After he drove to Chestnut Avenue and reached a quiet, deserted forest area, the three men suddenly wielded a bayonet and two guns, and threatened Koh, who fearfully tried to plead for his life and offer to pay anything to the robbers, and told them he had a family to feed. The robbers took out a pair of handcuffs and cuffed Koh’s wrists, before the taxi driver was led into the bushes, where one of them used the bayonet to stab Koh several times on the neck and chest, and after which, they took away Koh’s wallet and the handcuff and they left the taxi driver to die from his wounds beneath the vegetation as the trio drove off in Koh’s taxi. Koh Ngiap Yong was 42 years old when he died.

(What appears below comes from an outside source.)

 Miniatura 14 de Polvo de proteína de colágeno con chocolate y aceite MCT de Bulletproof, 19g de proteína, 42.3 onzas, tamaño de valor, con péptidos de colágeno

When Koh did not return that evening or the next day’s morning, Koh’s family lodged a missing person report with the police. Coincidentally, on the morning of 9 August 2000, at Chestnut Avenue, when three young boys were cycling to school along that same road, one of the students accidentally discovered Koh’s corpse in the forest. This prompted the police to rush to the scene after a report was made.

Koh’s murder was the second case of a taxi driver being murdered in Singapore during the year 2000. The first happened two months before in June 2000, when Ong Huay Dee was murdered by a Thai carpenter named Khwan-On Natthaphon during a robbery bid. Khwan-On was later found guilty and sentenced to death for the murder, and he was hanged on 27 September 2002.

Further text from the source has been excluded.